**RECORDS SUPPLIED**.
Start of Block
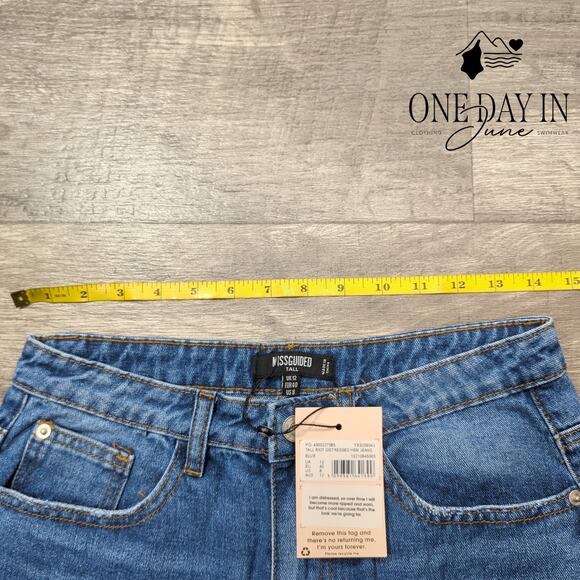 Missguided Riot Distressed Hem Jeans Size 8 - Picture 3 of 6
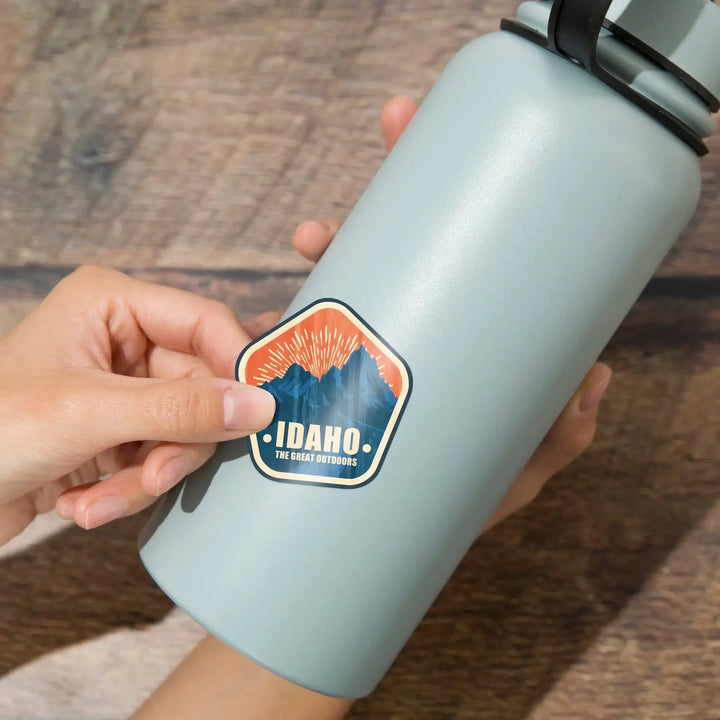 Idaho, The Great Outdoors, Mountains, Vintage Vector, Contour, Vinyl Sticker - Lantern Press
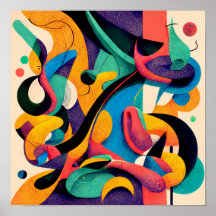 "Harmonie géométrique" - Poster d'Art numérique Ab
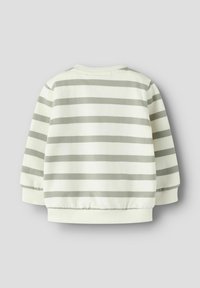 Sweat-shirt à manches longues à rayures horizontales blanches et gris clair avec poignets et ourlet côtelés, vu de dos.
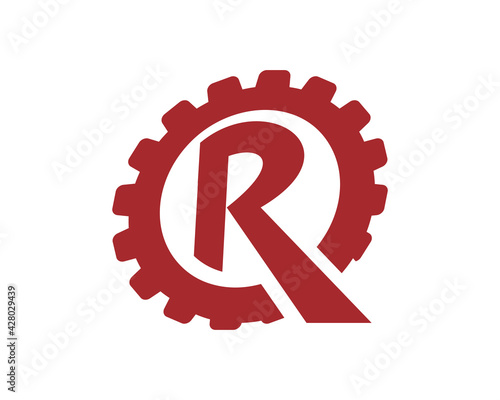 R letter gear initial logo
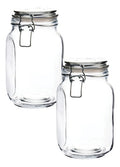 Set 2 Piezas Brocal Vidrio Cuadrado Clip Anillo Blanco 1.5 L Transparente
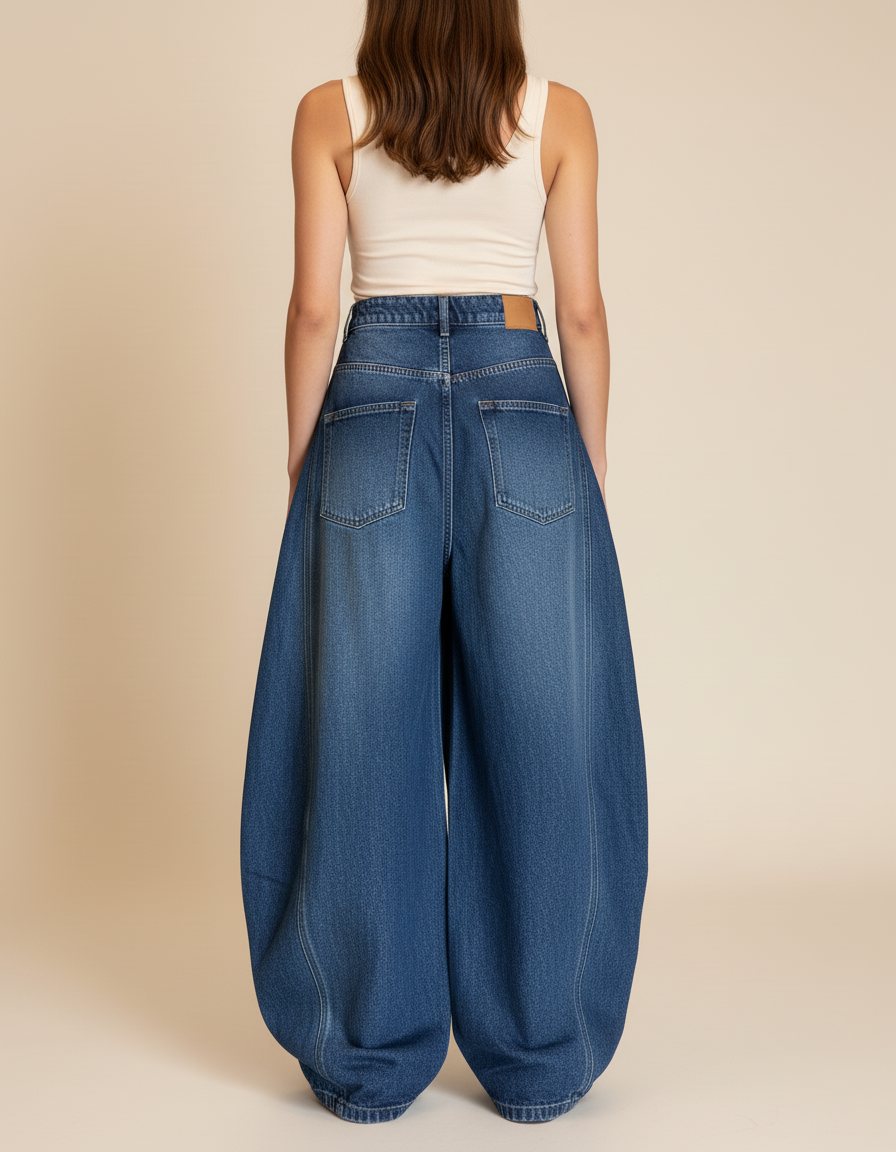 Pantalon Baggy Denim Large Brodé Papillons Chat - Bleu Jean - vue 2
End of Block
Start of Block
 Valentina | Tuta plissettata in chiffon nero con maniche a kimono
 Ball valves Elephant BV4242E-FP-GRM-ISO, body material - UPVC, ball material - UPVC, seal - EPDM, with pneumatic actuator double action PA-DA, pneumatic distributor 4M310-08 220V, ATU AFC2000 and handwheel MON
End of Block
Start of Block
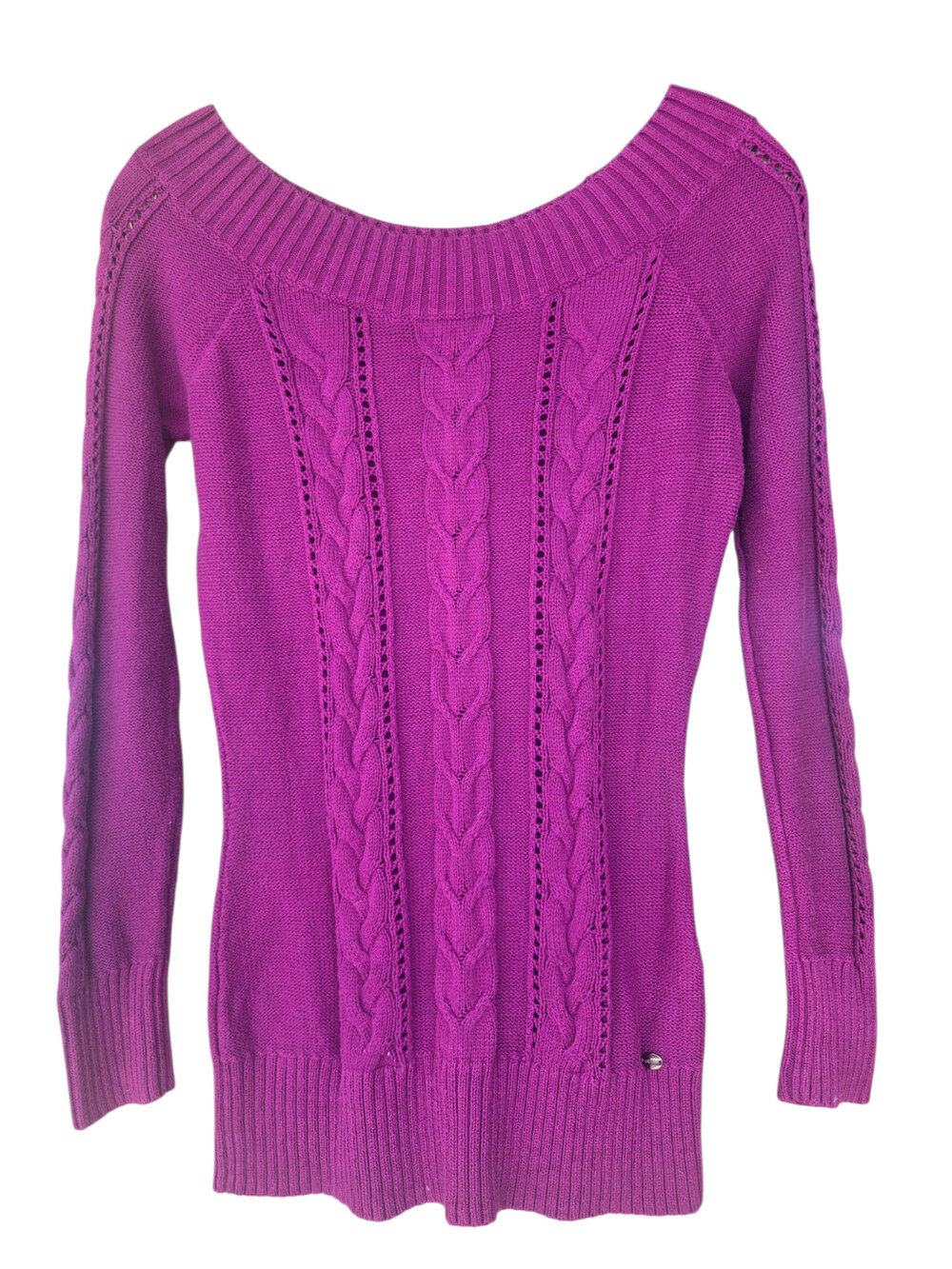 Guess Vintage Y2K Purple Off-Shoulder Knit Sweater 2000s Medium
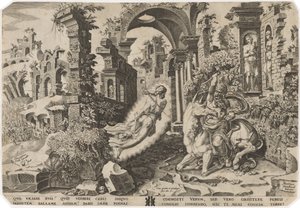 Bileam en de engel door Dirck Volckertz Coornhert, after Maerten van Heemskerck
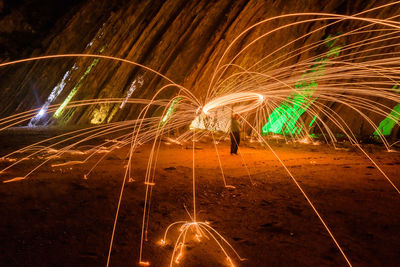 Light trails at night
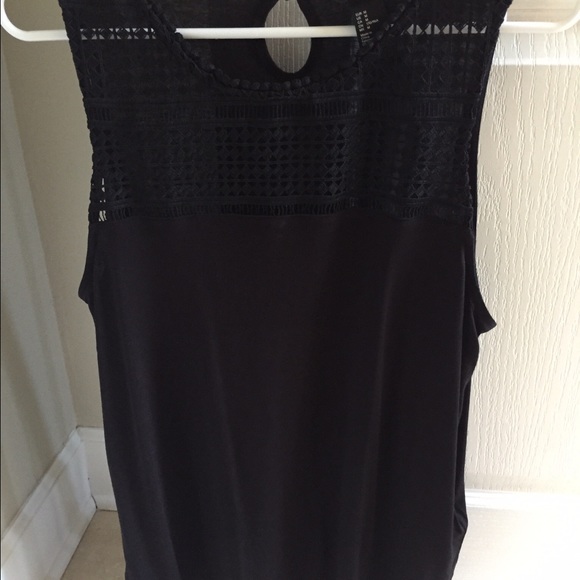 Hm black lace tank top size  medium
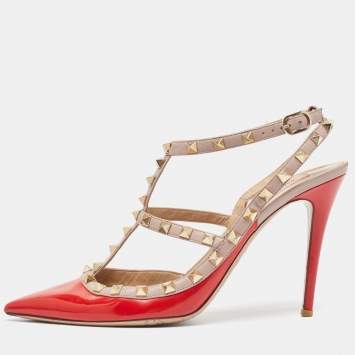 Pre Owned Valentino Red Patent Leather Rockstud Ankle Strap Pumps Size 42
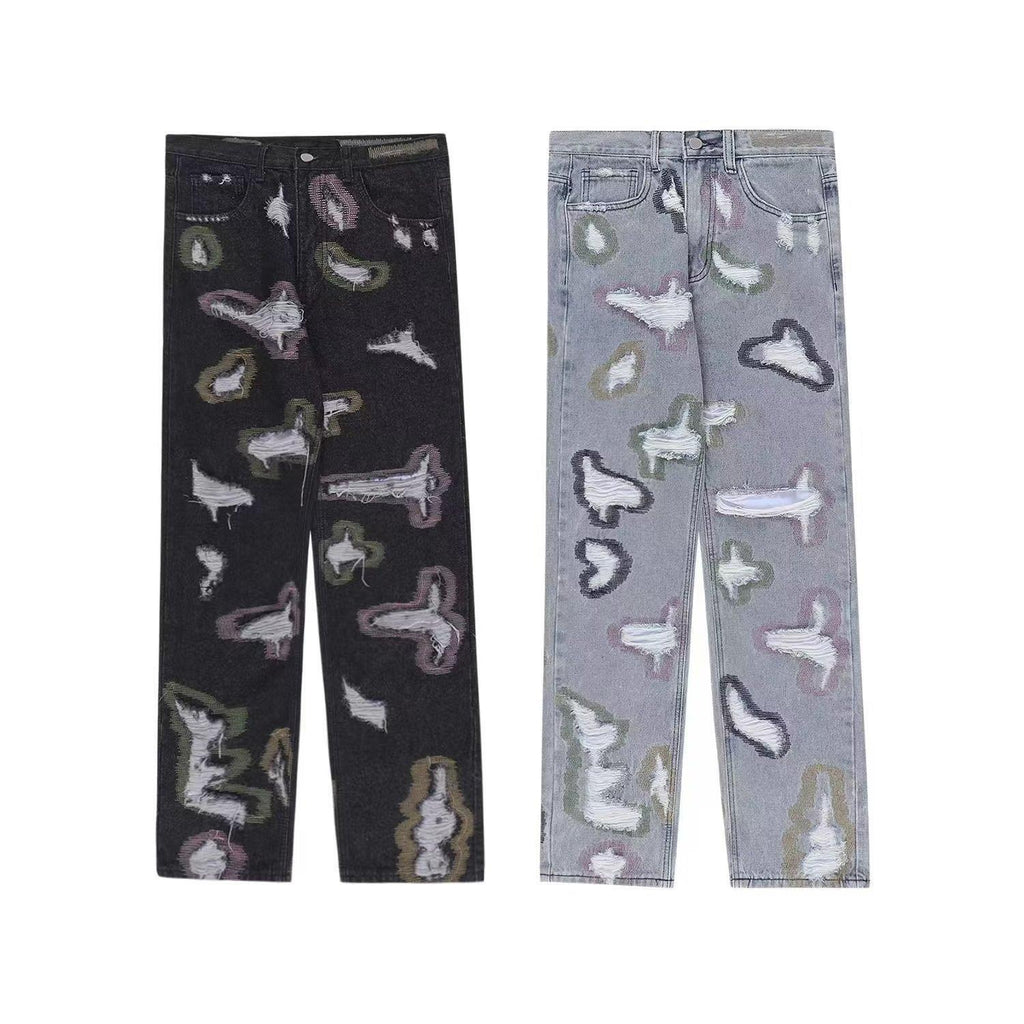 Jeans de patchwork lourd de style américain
End of Block
Each line above starting at the one holding "R letter gear initial logo" and ending at the one holding "Pantalon Baggy Denim" should be set down exactly as it stands, both ends included, with no pictures.

 R letter gear initial logo
 Set 2 Piezas Brocal Vidrio Cuadrado Clip Anillo Blanco 1.5 L Transparente
 Pantalon Baggy Denim Large Brodé Papillons Chat - Bleu Jean - vue 2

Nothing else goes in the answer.